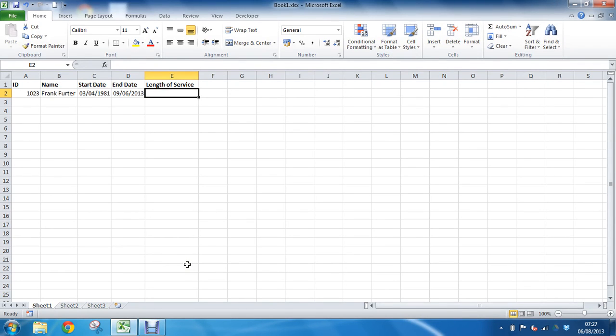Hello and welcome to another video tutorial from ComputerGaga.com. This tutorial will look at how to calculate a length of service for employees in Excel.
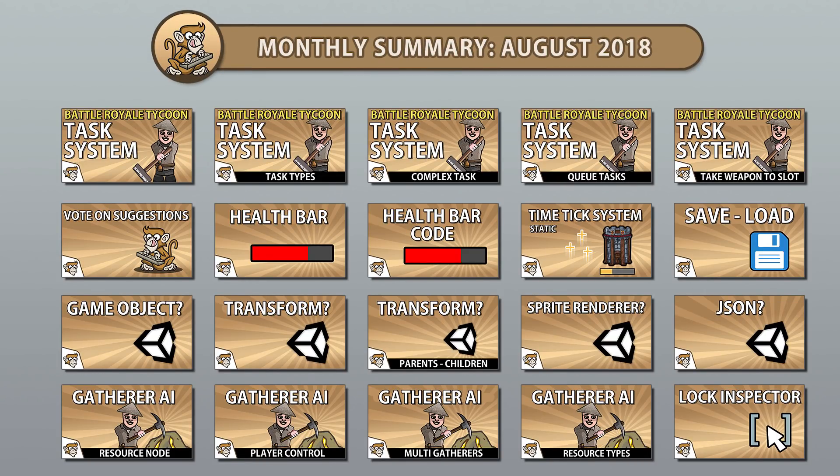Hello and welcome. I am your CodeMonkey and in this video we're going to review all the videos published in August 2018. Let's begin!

==

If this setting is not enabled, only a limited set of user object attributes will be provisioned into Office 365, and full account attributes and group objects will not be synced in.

*PROBLEM DESCRIPTION:* In the listing above, find the line containing "Hello and welcome to" and the line containing "Hello and welcome."; print those lines and every line between them exactly, leaving out pictures.

*TASK ANSWER:*
Hello and welcome to another video tutorial from ComputerGaga.com. This tutorial will look at how to calculate a length of service for employees in Excel.
Hello and welcome. I am your CodeMonkey and in this video we're going to review all the videos published in August 2018. Let's begin!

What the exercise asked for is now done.